The bill, if approved, would have allowed businesses run by staff with religious beliefs to deny service to gay and lesbian customers in the state.
When asked if being gay was a choice, King said: "I think it exists across the continuum in some type of a curve, and I don't know what that curve actually looks like. I think some's nature and some's nurture. Some might be purely each. But I think a lot of it is a combination of nature and nurture."
Speaking about civil rights protection, he continued: "If it's not specifically protected in the Constitution, then it's got to be an immutable characteristic, that being a characteristic that can be independently verified and cannot be wilfully changed."
On the issue of SB 1062, he argued the Civil Rights Act of 1964 makes no mention of sexual orientation.
King said: "Although we have—it's clear that in the civil rights part of the code that you can't discriminate against anybody based upon—not sure I've got the list right, but—race, creed, religion, color of skin, those kind of things.
"And there's nothing mentioned in [civil rights laws] about self-professed behaviour, and that's what they're trying to protect is special rights for self-professed behaviour and I think it's difficult for us to define a law that would protect behaviour."

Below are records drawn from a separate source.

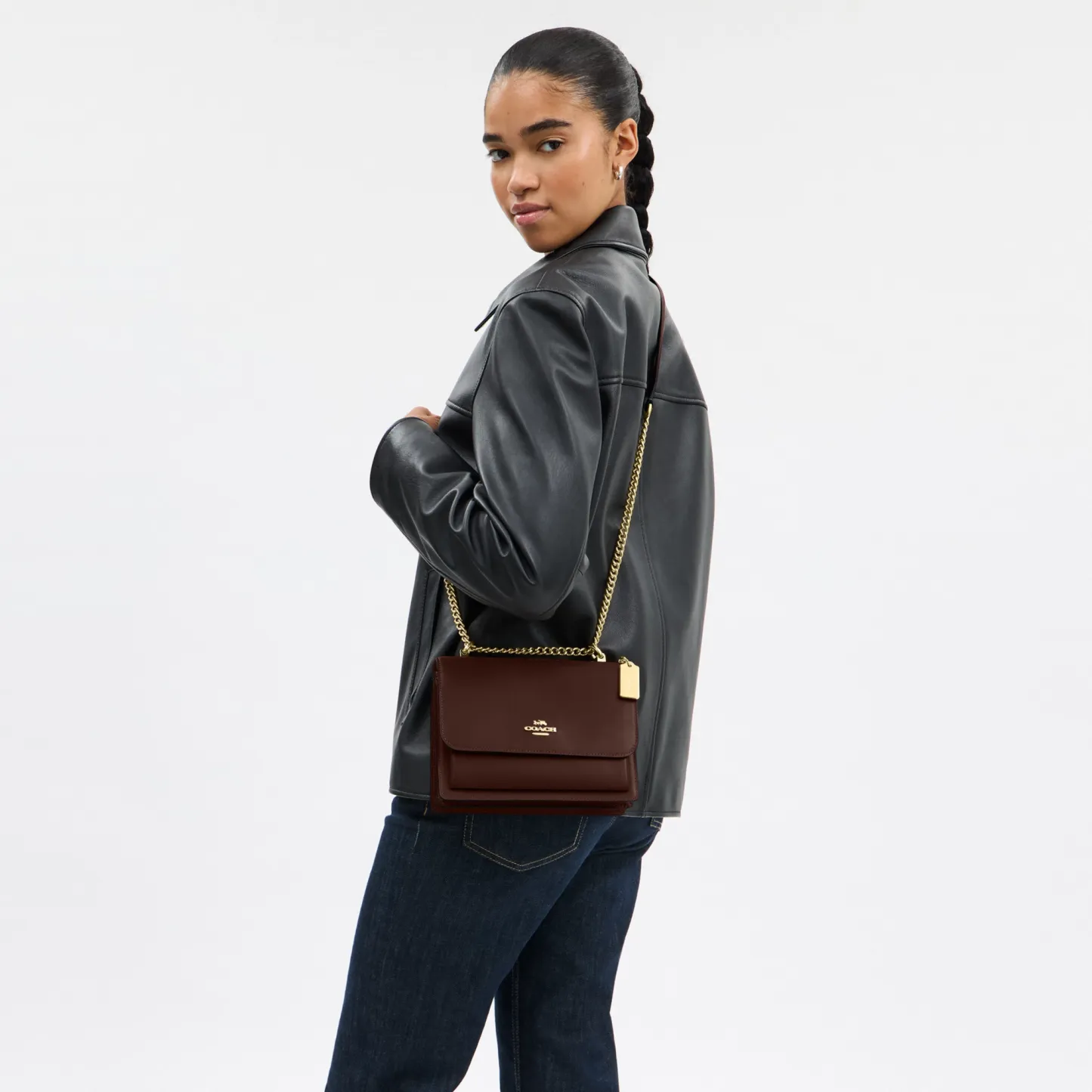 COACH®,Klare Crossbody Bag,Calfskin Leather,Leather,Crossbody,Metal,Logo,Luggage Tag,Adjustable,Lined,Compact,Gold Metal,D...,Brown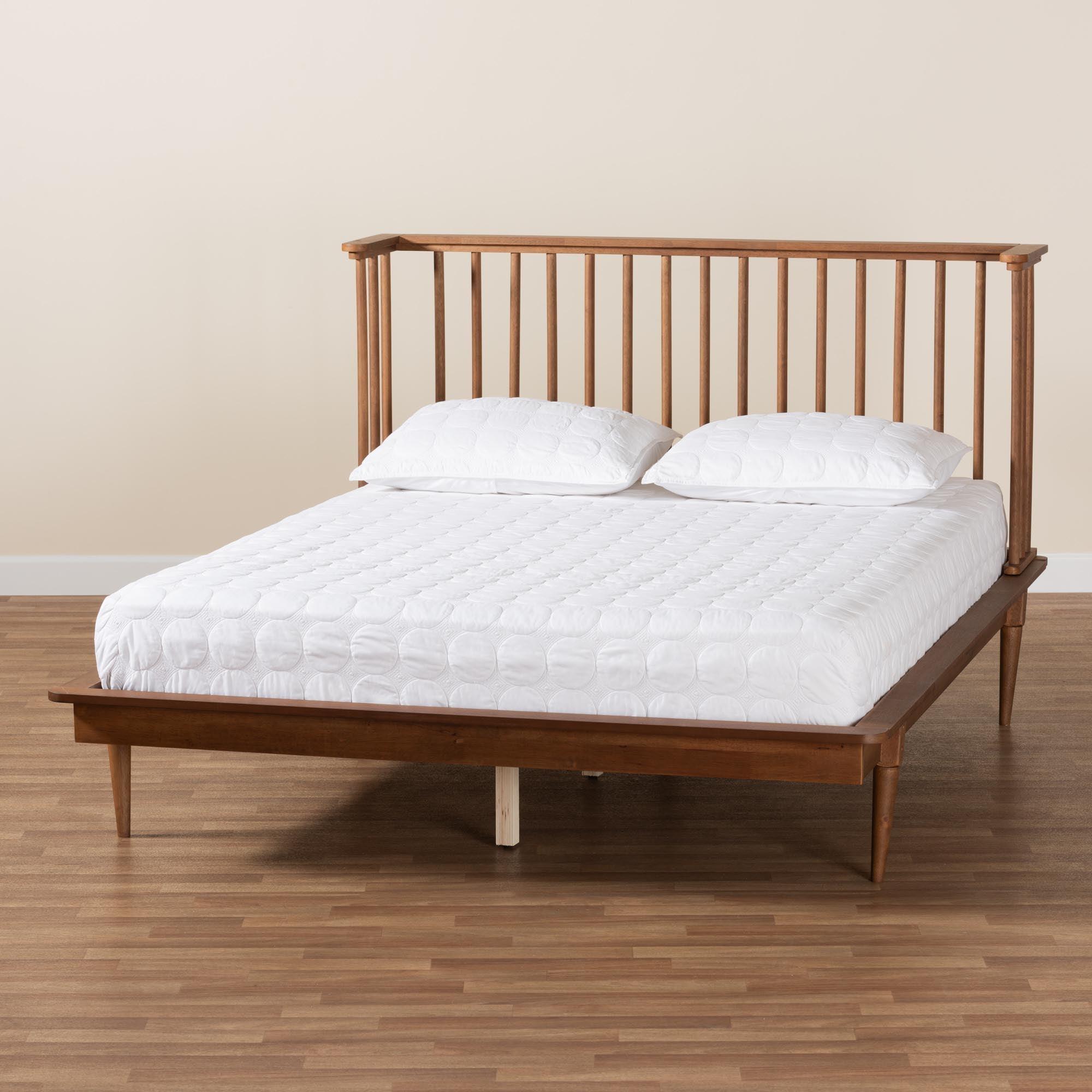 Flint Mid-Century Modern Ash Finished Wood Platform Bed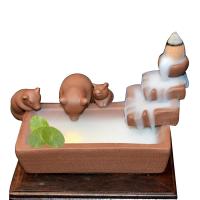 Backflow Incense Burner, Purple Clay, 130x50x90mm, Sold By PC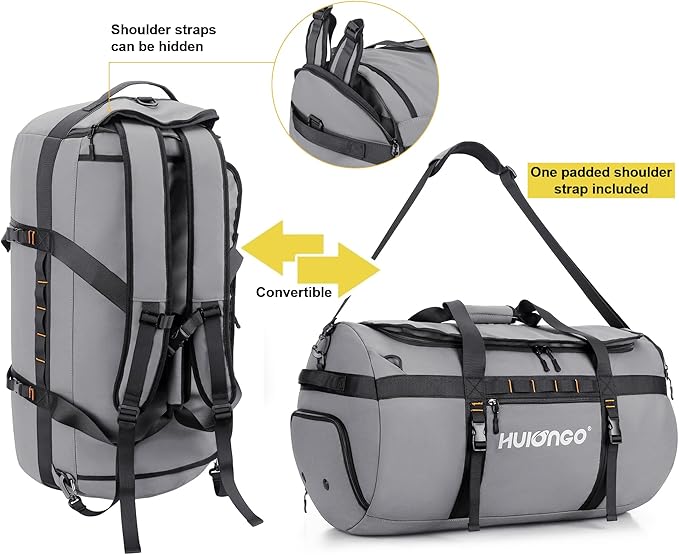 40L/60L/90L Large Waterproof Duffle Bag Backpack for Men, Mens Duffel Backpack Bags for Traveling, Heavy Duty (Grey, 60L)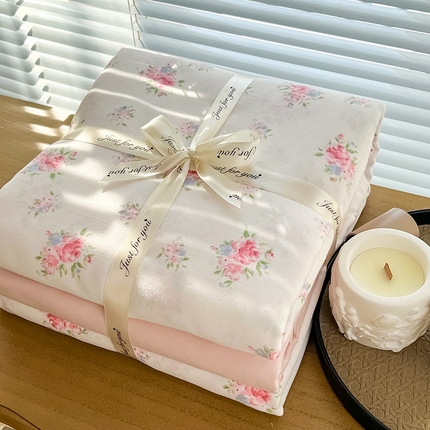 暖芯优选 2025新款针织棉双层纱四件套小碎花被套床单床笠款学生三件套新款直播热款-叠拍图-系列一 婉然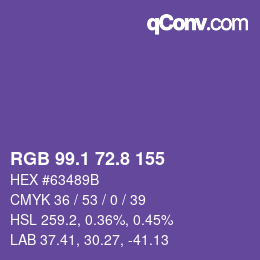 カラーコード: RGB 99.1 72.8 155 | qconv.com
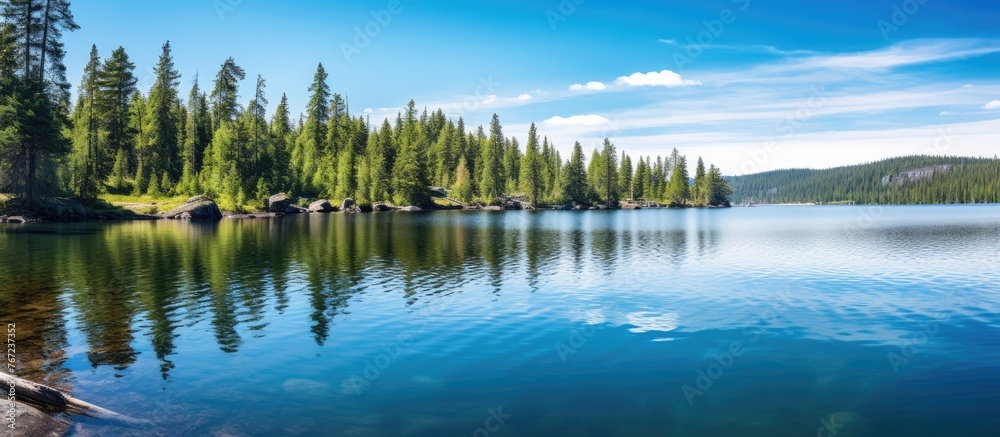 Sticker A serene lake with scattered trees in the background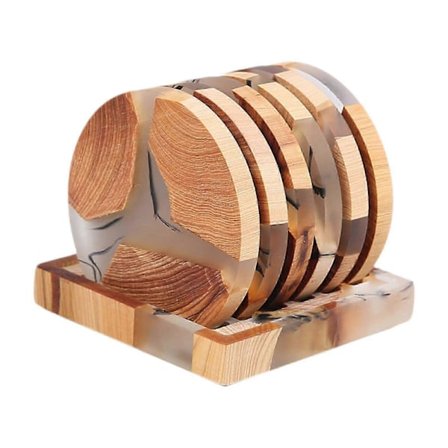 6 Stykker Resin Brikker Bordbrikke Gjenbrukbar Kjøkken Gadget Bordbrikker Dekor Isolasjonspute Koppmatte for Servise Benkeplate (FMY)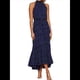 thumbnail image 3 of Vestido Maxi de Verano con Estampado de Lunares para Mujer, Sin Mangas, Cuello Halter, Volantes, Bohemio con Cinturón Azul L, 3 of 9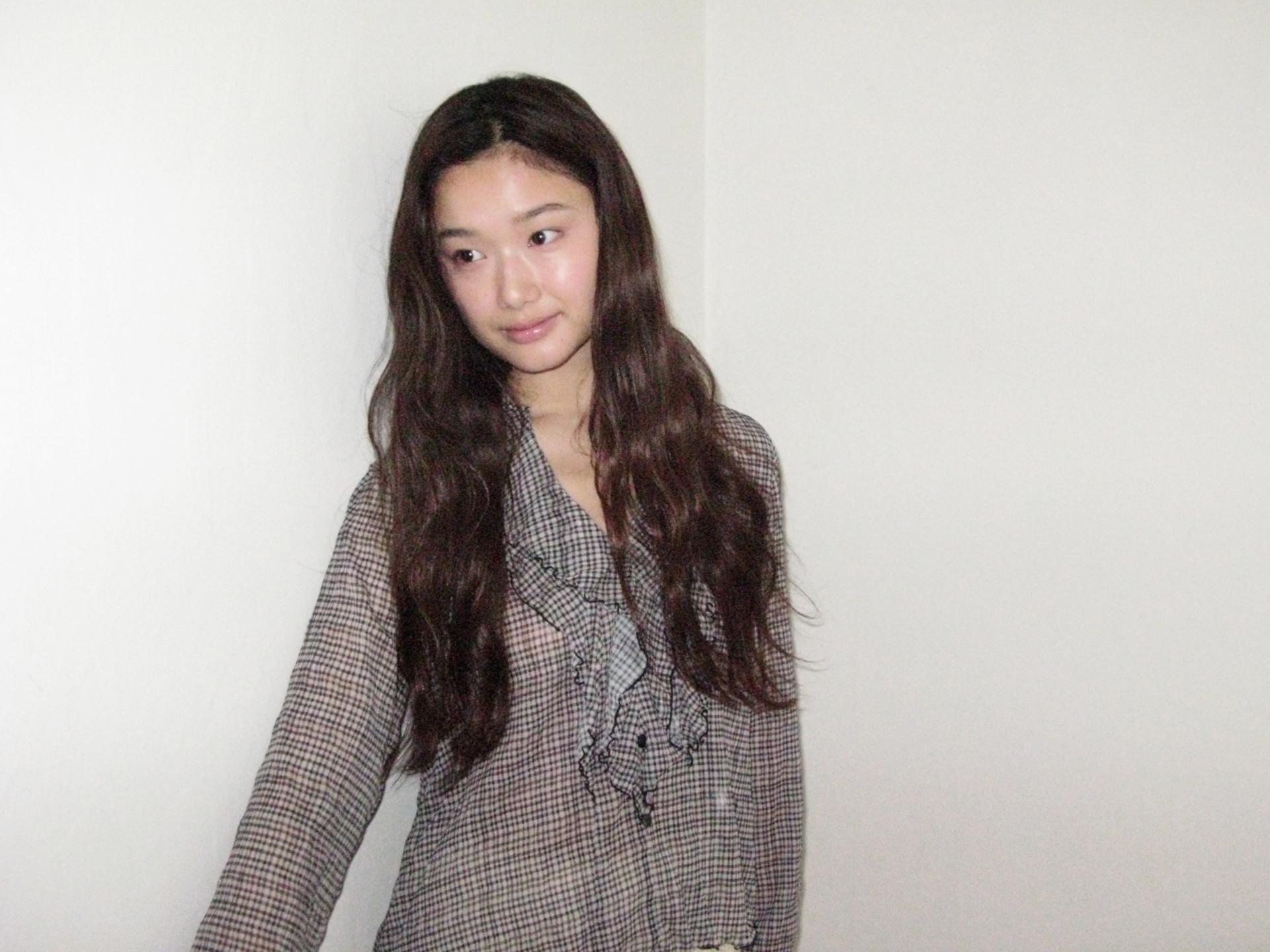 PLAID RUFFLE CHIFFON BLOUSE_BLACK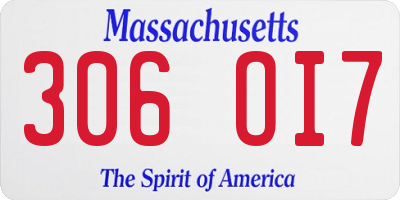 MA license plate 306OI7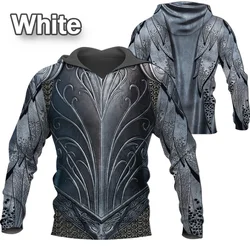 Sweat à capuche à manches longues imprimé chevalier médiéval pour hommes, pull de sport Harajuku, armure 3D, décontracté, drôle, mode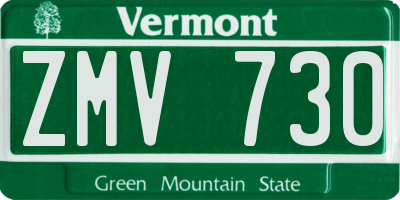 VT license plate ZMV730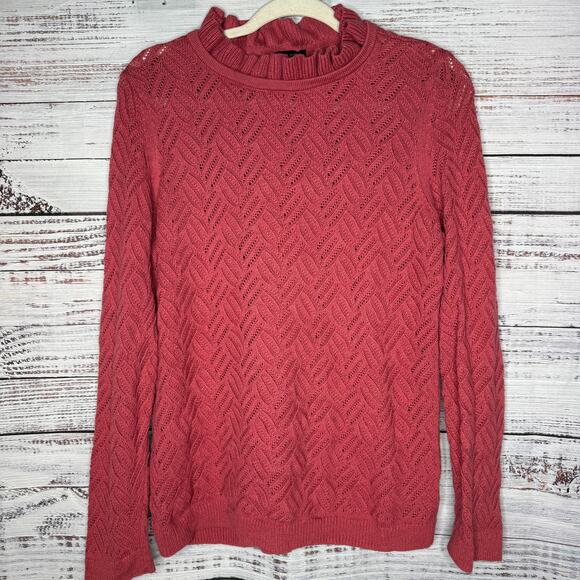 Talbots Pink Pointelle Ruffle Mock Neck Sweater Long Sleeve Knit Pullover Lg - Picture 1 of 6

According to King, those within the private sector who are an "individual entrepreneur" are entitled to make their own decisions on whether or not to offer service to homosexual customers.
He added: "When you're in the private sector and you're an individual entrepreneur with God-given rights that our founding fathers defined in the Declaration, you should be able to make your own decisions on what you do in that private business."
"And I'm always uneasy about the idea of the philosophy that you're a private-slash-public business, because you have a door that's open that anybody can walk in. That doesn't mean that you have to perform any kind of service that they demand."
The US Representative for Iowa's 4th congressional district, who has served in Congress since 2003, also argued that hate-crime legislation is a grey area of the law. As reported in the Washington Times, he stated people were punished "for what you think went on in their head at the time they perpetuated a crime".
He added: "We've not gone that way until the modern era, and I think it gets very messy."
In the 2009 passage of the federal Hate Crimes Prevention Act, in which the victim's sexual orientation, gender identity or disability were added to the 1969 legislation, King stated sexual orientation would help protect paedophiles.
Speaking to Fox News, he said: "The definition for sexual orientation was defined by one of the principal authors, [former Rep] Tammy Baldwin of Madison, Wisconsin, as being either heterosexual or homosexual.
"Well, so, within that definition, though, of sexual orientation by the American Psychological Association, you've got a whole list of proclivities - they call them paraphilias - and in that list, among them, are paedophiles."